How to complete this task: Leave the pictures out and write out exactly the lines from the top of the entries through the line containing "These are on".

[Saved data entries]
>>>>>

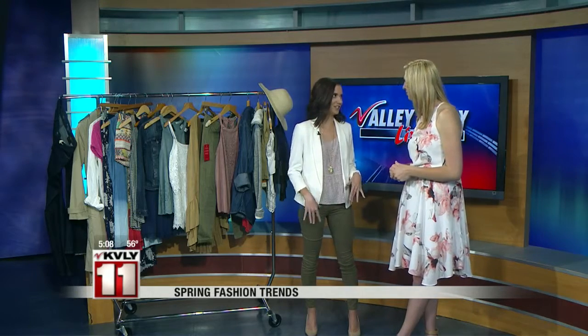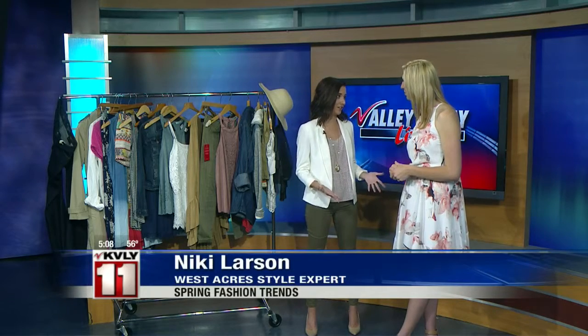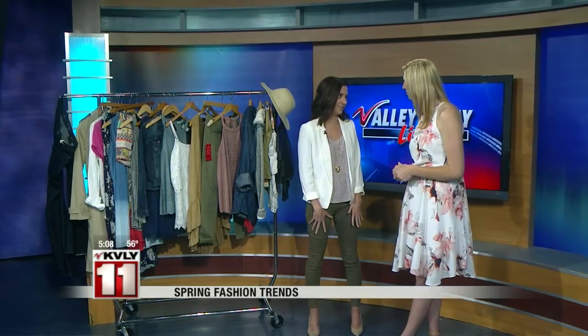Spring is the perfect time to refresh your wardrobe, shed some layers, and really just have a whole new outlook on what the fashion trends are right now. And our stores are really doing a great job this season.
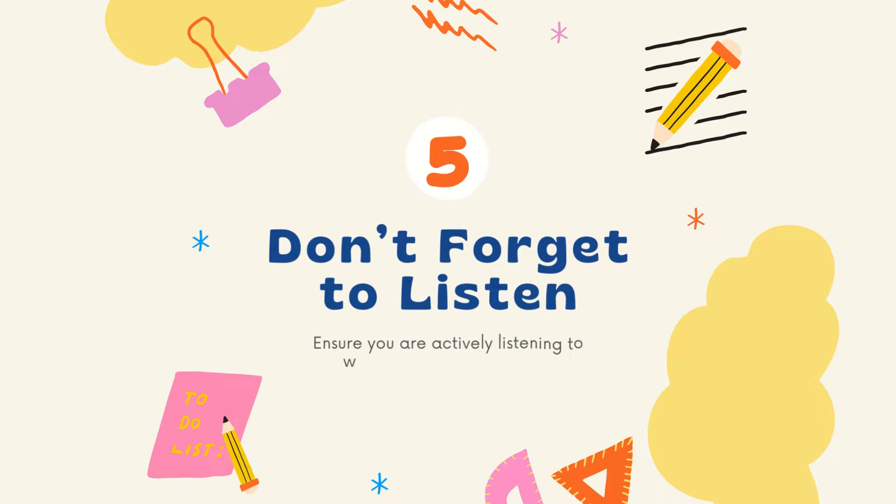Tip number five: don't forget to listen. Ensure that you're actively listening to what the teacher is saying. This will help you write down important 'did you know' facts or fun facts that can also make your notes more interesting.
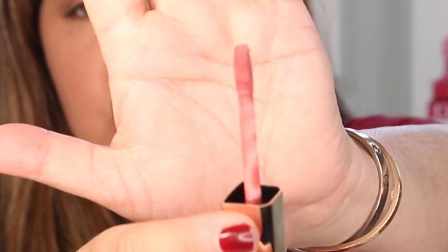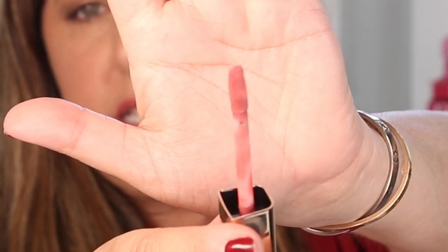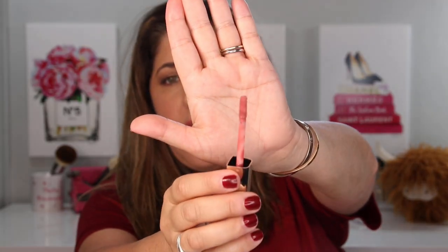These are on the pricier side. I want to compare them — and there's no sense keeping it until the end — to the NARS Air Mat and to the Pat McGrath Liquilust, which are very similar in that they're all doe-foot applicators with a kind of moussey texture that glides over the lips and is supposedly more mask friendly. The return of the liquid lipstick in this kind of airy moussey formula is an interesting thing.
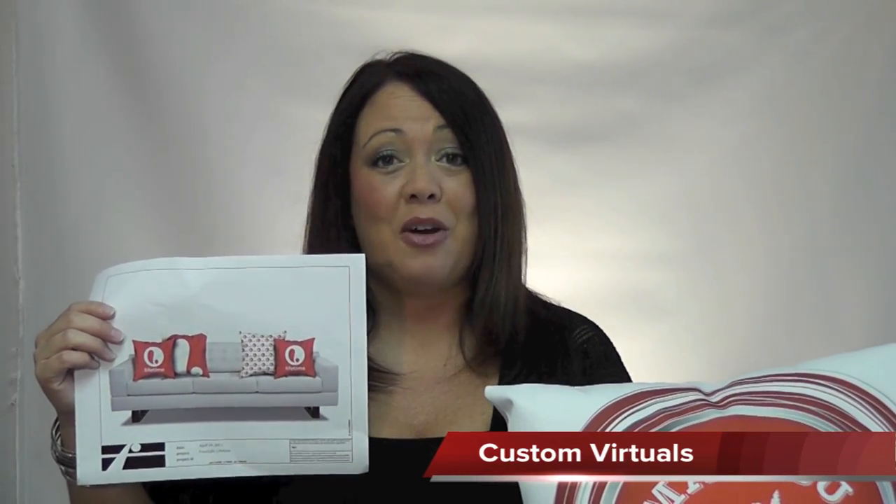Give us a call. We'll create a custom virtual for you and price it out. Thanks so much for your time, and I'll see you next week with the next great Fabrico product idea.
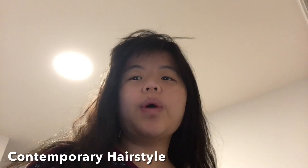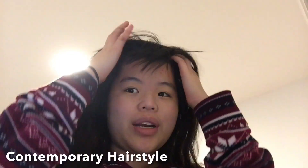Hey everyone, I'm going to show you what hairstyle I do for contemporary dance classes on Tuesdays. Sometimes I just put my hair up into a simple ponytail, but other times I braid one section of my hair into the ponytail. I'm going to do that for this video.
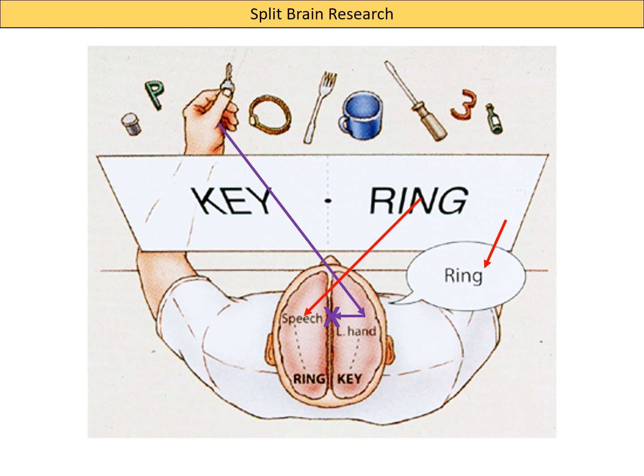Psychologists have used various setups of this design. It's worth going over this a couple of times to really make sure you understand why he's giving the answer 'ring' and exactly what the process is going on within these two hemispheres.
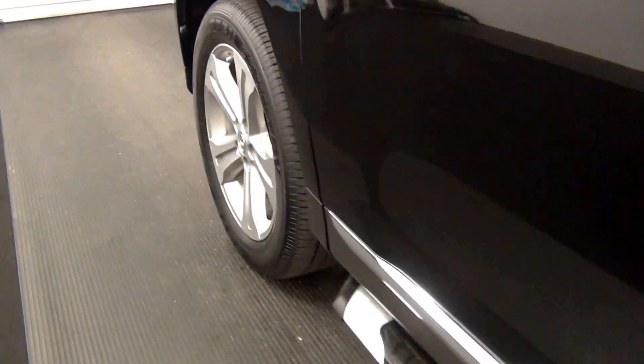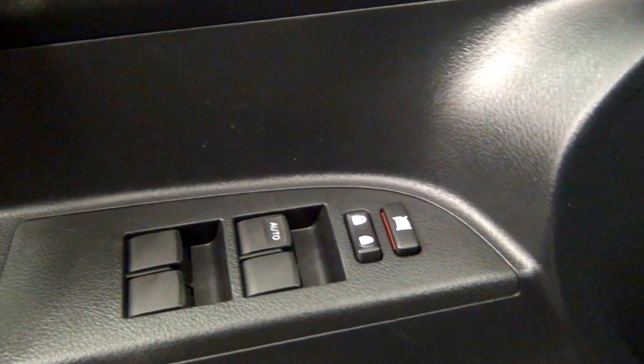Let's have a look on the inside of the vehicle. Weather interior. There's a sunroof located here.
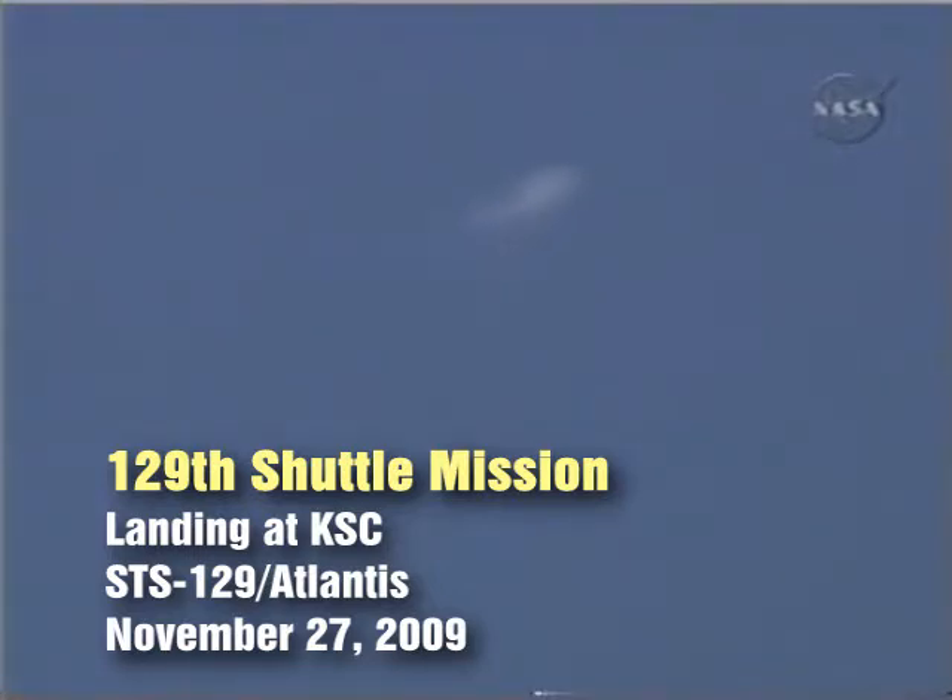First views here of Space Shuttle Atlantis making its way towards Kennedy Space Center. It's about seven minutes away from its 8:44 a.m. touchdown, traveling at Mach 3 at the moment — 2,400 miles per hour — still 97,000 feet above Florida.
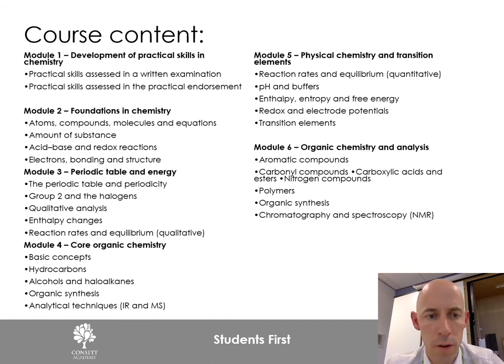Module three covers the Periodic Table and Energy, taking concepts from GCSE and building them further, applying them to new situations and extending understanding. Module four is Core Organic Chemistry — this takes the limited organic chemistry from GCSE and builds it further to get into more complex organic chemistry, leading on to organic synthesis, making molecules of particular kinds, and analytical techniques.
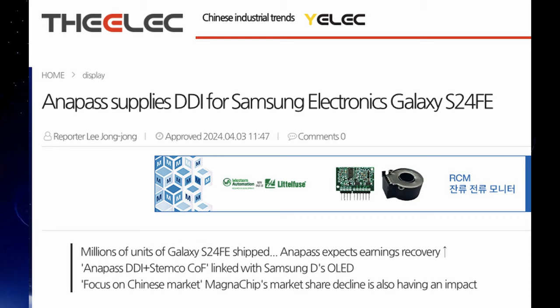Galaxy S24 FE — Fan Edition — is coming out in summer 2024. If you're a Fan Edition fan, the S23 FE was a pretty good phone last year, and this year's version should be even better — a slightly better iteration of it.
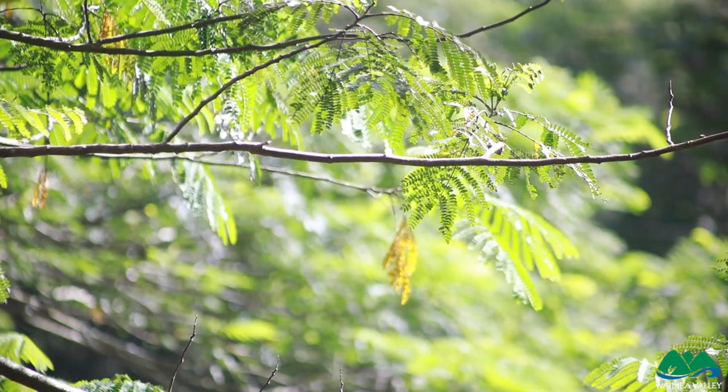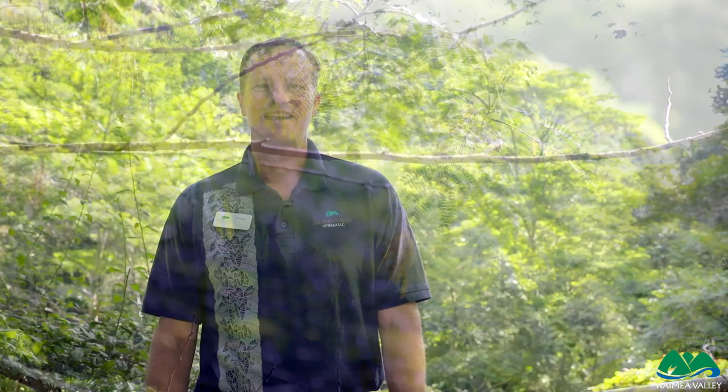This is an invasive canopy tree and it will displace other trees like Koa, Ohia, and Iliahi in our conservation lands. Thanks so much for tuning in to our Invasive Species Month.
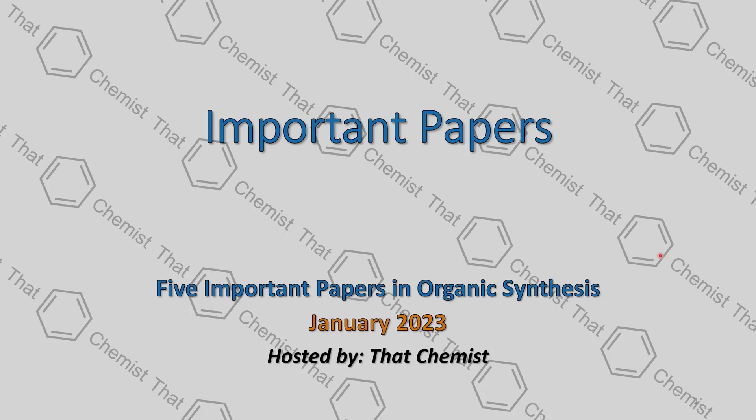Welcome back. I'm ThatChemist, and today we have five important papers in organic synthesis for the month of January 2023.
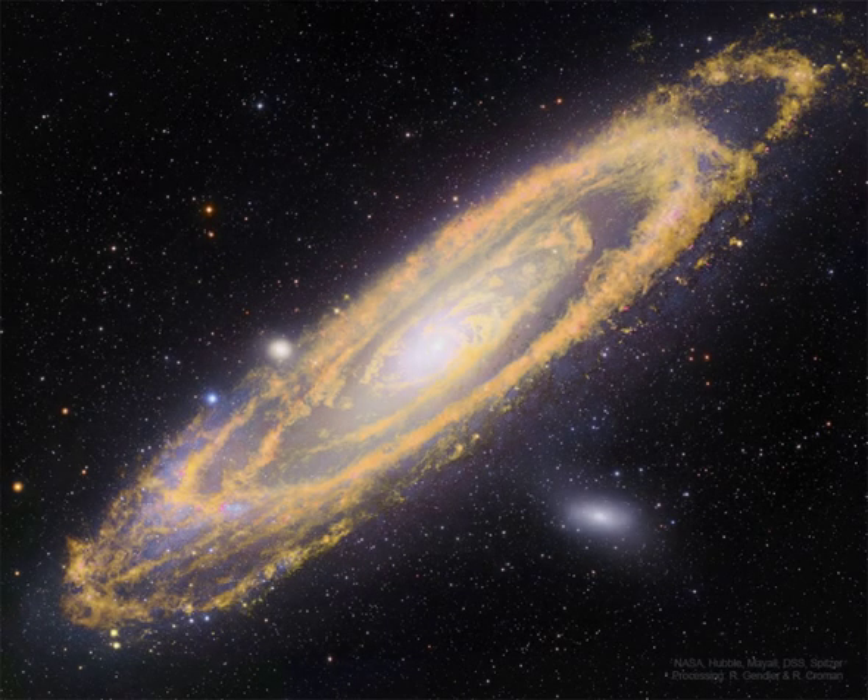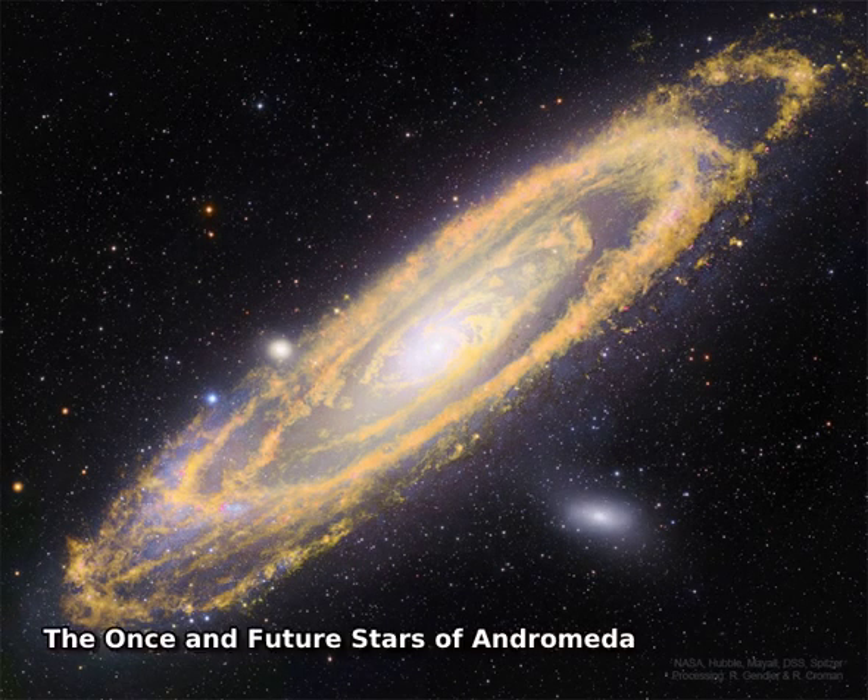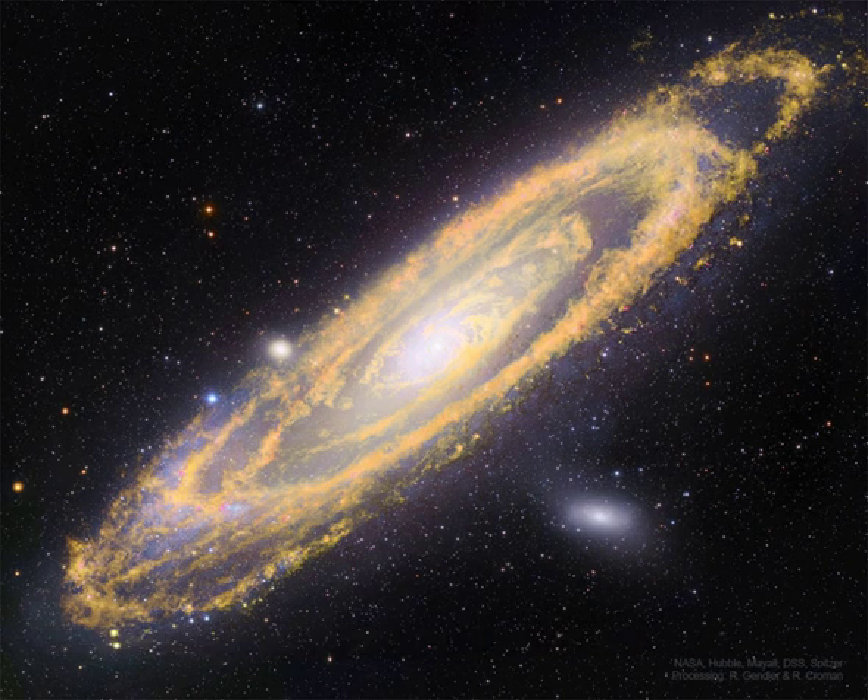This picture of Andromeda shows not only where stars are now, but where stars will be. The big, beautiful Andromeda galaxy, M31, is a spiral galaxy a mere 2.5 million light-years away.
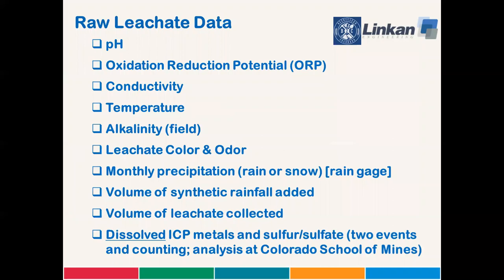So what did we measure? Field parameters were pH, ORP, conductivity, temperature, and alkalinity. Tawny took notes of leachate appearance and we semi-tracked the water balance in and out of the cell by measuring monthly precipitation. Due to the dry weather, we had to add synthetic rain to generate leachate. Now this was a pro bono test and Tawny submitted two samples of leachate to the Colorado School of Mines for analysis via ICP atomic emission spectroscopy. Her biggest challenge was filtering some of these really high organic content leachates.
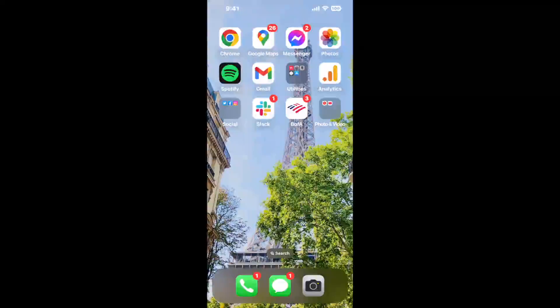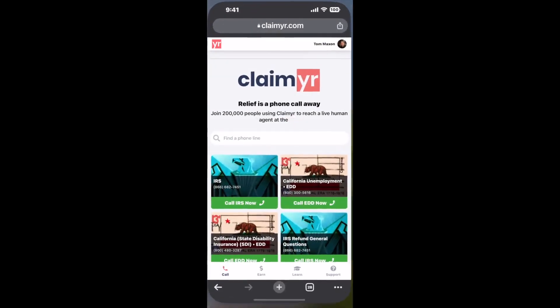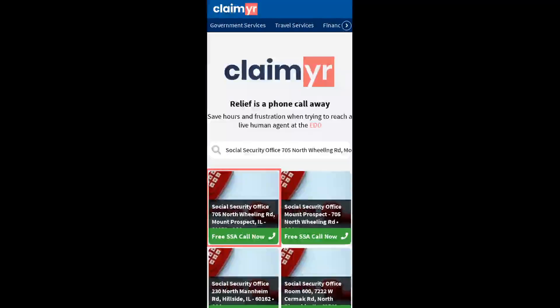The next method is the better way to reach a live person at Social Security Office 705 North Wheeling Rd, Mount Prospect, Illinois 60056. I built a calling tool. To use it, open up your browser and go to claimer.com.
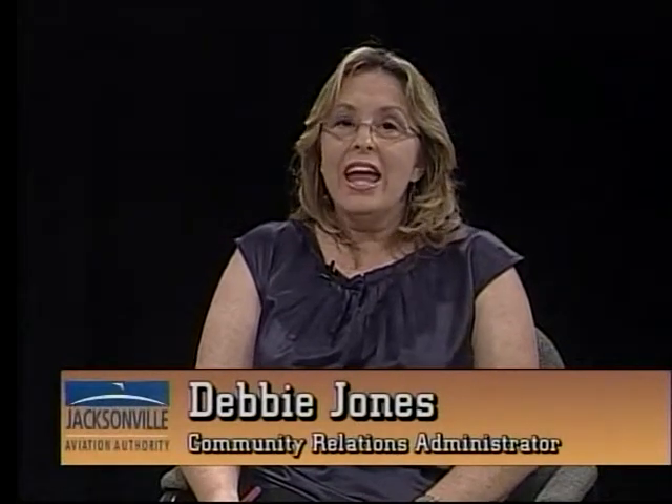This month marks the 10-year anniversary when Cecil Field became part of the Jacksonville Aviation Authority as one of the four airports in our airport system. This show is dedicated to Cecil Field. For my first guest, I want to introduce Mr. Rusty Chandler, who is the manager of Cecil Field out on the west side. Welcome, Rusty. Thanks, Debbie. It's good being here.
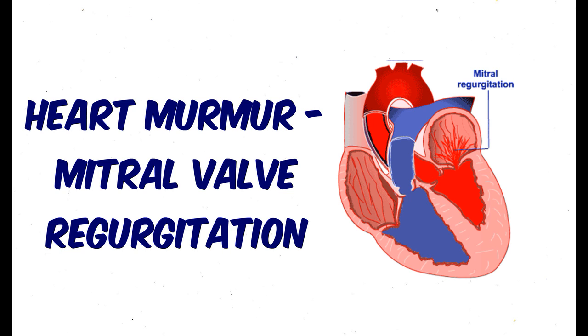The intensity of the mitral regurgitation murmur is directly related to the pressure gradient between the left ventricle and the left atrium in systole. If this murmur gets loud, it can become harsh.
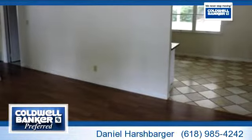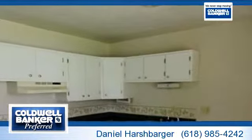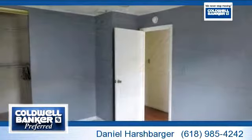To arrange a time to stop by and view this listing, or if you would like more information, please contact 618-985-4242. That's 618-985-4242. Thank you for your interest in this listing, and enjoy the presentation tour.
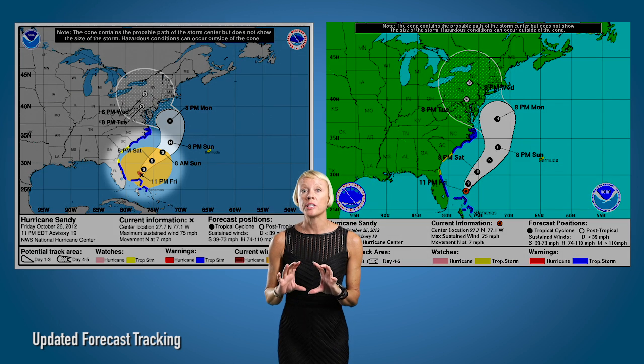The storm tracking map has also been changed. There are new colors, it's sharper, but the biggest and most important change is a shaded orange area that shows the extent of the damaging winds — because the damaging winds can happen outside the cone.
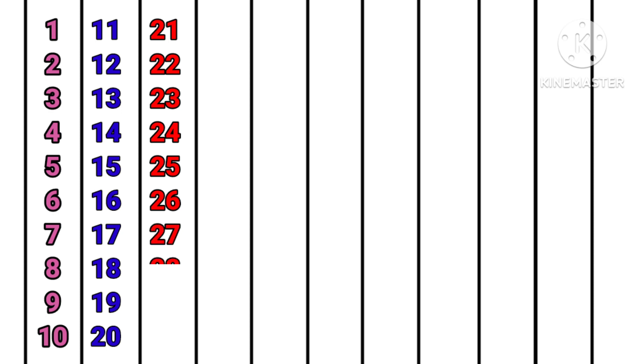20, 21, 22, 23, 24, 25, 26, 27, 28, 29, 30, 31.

<<<<<

Written answer:
Spring is the perfect time to refresh your wardrobe, shed some layers, and really just have a whole new outlook on what the fashion trends are right now. And our stores are really doing a great job this season.
Tip number five: don't forget to listen. Ensure that you're actively listening to what the teacher is saying. This will help you write down important 'did you know' facts or fun facts that can also make your notes more interesting.
These are on the pricier side. I want to compare them — and there's no sense keeping it until the end — to the NARS Air Mat and to the Pat McGrath Liquilust, which are very similar in that they're all doe-foot applicators with a kind of moussey texture that glides over the lips and is supposedly more mask friendly. The return of the liquid lipstick in this kind of airy moussey formula is an interesting thing.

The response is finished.